Alberta Votes Day 3: Time to bring back Ed?
In retrospect, maybe it wasn't such a good idea for Alison Redford to call the election after a month of wall-to-wall scandal and controversy.
Two more polls have been released today - let's start with the bad news for Alison Redford.
Leger Marketing confirms the statistical tie we saw in two polls Monday: PC 37%, WRP 34%, ALP 12%, NDP 11%. Keep in mind, Leger had the Tories leading by 37 points in January.
From the bad news, we move to the worse news. The Sun's Forum poll shows the Wildrose Party leading by 10 points. The tendency when many polls comes out at once is to gravitate to the most salacious results - when the opposite is likely more appropriate. So, as shocking as these numbers are, we're probably best to look at all four polls that have come out and conclude it's a dead heat between the PCs and the Wildrosers, with the Liberals and NDP far, far behind.
Which is bad news for Alison Redford - especially if you share my opinion that Danielle Smith is the superior politician, and is likely to "outplay" Redford during the campaign. That's already apparent from Monday's ThinkHQ poll which shows Smith's momentum score at +11 and Redford's at -20.

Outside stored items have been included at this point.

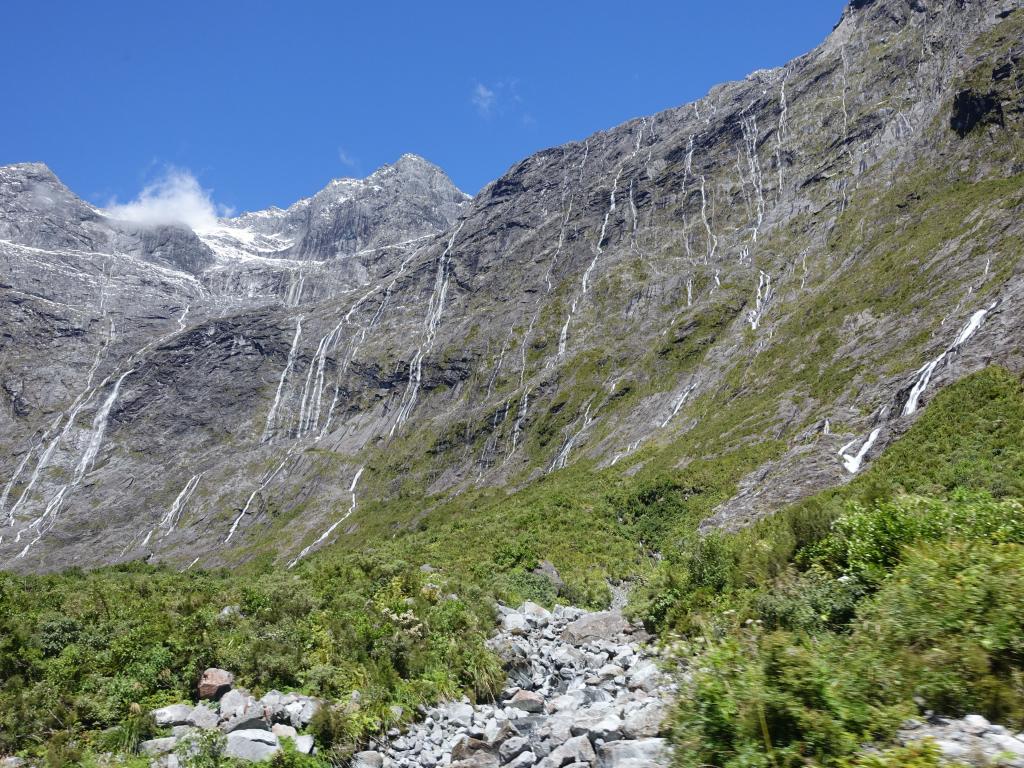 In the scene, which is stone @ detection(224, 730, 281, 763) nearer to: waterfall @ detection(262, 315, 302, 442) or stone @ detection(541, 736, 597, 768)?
stone @ detection(541, 736, 597, 768)

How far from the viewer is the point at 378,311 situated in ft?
469

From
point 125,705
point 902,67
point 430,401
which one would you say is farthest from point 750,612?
point 902,67

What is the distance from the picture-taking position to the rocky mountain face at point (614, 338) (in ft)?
151

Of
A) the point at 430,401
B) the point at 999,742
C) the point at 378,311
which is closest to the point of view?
the point at 999,742

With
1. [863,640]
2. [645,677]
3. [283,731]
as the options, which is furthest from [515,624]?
[863,640]

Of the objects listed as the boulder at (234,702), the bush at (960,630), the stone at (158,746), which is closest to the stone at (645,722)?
the bush at (960,630)

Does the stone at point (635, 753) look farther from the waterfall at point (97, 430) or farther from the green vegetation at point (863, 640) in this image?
the waterfall at point (97, 430)

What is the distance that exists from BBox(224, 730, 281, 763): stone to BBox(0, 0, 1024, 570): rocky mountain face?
2253 cm

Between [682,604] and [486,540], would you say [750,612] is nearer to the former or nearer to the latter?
[682,604]

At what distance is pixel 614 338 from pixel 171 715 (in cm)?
8667

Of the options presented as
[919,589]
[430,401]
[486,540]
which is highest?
[430,401]

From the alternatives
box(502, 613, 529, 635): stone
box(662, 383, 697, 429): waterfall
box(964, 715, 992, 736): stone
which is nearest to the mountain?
box(964, 715, 992, 736): stone

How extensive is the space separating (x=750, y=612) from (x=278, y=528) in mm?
93128

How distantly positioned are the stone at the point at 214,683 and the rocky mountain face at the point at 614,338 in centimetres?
2211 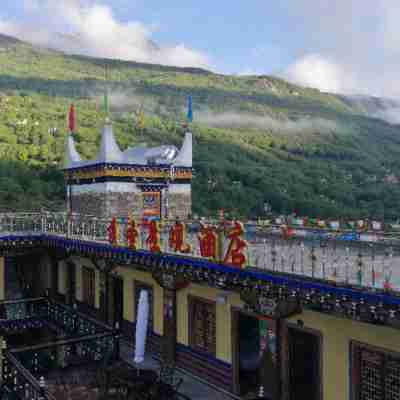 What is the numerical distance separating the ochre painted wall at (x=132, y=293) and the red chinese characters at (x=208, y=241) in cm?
422

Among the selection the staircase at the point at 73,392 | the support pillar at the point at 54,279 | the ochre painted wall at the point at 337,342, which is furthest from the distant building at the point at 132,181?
the ochre painted wall at the point at 337,342

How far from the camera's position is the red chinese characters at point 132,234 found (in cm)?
1268

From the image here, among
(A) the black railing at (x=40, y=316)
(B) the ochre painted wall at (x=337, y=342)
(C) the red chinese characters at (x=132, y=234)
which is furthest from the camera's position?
(A) the black railing at (x=40, y=316)

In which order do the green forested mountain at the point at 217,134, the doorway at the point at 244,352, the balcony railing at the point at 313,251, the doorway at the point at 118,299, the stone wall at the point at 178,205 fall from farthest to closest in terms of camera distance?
the green forested mountain at the point at 217,134, the stone wall at the point at 178,205, the doorway at the point at 118,299, the doorway at the point at 244,352, the balcony railing at the point at 313,251

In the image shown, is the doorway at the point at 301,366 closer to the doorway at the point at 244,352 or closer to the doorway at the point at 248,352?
the doorway at the point at 244,352

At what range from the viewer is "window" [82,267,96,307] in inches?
704

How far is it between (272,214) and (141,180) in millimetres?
22351

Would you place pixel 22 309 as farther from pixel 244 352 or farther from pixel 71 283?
pixel 244 352

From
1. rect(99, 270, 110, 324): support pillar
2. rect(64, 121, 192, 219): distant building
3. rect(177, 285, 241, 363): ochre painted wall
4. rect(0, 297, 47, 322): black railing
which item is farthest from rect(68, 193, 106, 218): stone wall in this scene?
rect(177, 285, 241, 363): ochre painted wall

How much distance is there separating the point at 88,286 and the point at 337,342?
11207 millimetres

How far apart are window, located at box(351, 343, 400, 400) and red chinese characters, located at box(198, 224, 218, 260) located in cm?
307

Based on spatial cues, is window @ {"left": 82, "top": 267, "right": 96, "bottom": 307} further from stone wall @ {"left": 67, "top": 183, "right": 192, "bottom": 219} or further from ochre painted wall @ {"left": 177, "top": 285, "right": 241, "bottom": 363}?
ochre painted wall @ {"left": 177, "top": 285, "right": 241, "bottom": 363}

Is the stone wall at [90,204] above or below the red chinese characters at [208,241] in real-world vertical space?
above

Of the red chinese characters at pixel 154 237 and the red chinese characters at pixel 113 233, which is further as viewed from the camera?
the red chinese characters at pixel 113 233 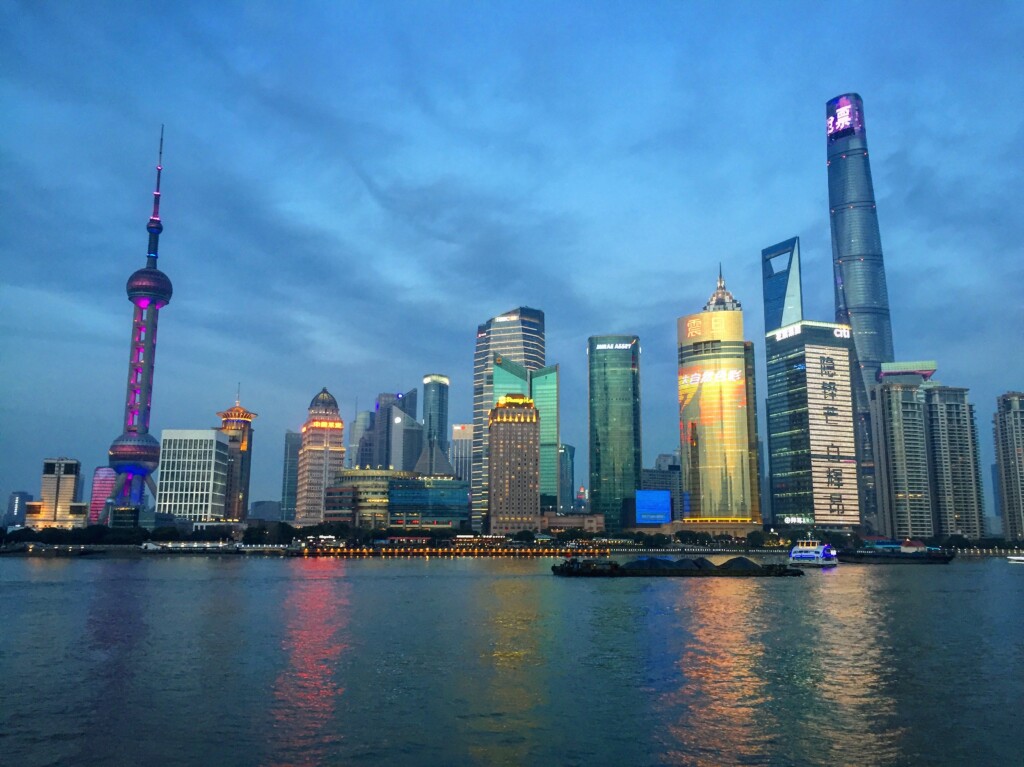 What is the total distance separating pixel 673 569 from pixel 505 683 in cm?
13349

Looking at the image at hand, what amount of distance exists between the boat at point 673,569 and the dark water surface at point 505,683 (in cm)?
6847

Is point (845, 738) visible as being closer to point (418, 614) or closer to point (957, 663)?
point (957, 663)

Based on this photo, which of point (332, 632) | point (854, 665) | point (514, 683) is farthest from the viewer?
point (332, 632)

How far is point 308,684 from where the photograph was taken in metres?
51.8

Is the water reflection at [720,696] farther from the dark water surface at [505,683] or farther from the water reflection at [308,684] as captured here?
the water reflection at [308,684]

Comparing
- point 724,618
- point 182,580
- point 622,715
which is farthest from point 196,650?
point 182,580

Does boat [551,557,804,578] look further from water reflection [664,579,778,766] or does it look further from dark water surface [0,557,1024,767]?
water reflection [664,579,778,766]

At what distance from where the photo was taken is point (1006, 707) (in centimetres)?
4650

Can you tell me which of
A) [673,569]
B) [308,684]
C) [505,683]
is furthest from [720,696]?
[673,569]

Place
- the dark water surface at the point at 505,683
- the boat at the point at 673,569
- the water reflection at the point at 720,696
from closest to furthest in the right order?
the water reflection at the point at 720,696, the dark water surface at the point at 505,683, the boat at the point at 673,569

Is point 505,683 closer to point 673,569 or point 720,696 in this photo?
point 720,696

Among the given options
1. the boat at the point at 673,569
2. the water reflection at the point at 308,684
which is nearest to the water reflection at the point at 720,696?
the water reflection at the point at 308,684

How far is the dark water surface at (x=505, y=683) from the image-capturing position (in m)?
38.2

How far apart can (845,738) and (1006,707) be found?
43.4 ft
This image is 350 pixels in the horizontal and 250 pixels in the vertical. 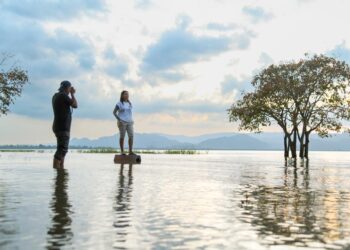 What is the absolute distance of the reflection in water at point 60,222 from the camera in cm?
517

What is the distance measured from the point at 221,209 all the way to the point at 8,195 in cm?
398

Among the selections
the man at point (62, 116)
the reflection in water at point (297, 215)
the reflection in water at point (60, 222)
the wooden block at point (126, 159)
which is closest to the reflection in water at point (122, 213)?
the reflection in water at point (60, 222)

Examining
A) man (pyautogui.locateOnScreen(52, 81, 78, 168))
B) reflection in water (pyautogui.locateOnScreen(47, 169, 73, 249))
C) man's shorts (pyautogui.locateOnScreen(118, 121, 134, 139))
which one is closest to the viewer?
reflection in water (pyautogui.locateOnScreen(47, 169, 73, 249))

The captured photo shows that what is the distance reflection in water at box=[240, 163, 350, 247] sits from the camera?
5.62m

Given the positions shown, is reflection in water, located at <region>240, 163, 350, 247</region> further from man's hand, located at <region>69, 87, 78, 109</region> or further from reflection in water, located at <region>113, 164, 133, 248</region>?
man's hand, located at <region>69, 87, 78, 109</region>

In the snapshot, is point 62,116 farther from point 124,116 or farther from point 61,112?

The good news for the PCs - if there is any - is that there's still plenty of time to counter punch. This is going to put a lot of scrutiny on Smith's team and platform. The analogy I like to use is of Mario Dumont, back when Mario Dumont was still cool. The ADQ was nothing more than a one-man show, and once it looked like he might actually win in 2007, Jean Charest was able to use the prospect of an ADQ government to recover. So warning to fringe Wildrose candidates - start prepping for media calls!
The question, of course, is whether Alison Redford is as deft a politician as Jean Charest. On that question, I have my doubts.
In other polling news, the Alberta Liberals have released their internal numbers. It's a long survey for a robo-poll so we need to look at the results with caution, but the vote numbers largely match what we've seen in the media, so we can likely take the numbers at face value.
Of course, the intent of the release is not to re-enforce bad horse race numbers, but to highlight the party's platform which tested relatively well. On that score, there's strong agreement with the ALP's Health Care and education policies, and their revenue generation plans to increase taxes on the richest Albertans and largest corporations.
Now, the real test of a policy is not so much whether voters agree with it, but whether it moves votes - after all, the most "popular" policy tested is one giving more power to MLAs, but I'm skeptical that will motivate voters. And the results when it comes to moving votes are rather underwhelming - after hearing the entire platform, 36% of respondents are more likely to vote Liberal and 32% are less likely to.
And if all of that wasn't enough polling data for you, Santos Sez has compiled the fascinating chart above of Alberta election polls over the past four years. Suffice to say, Redford's recent polling numbers are downright Stelmachian. So much for that honeymoon.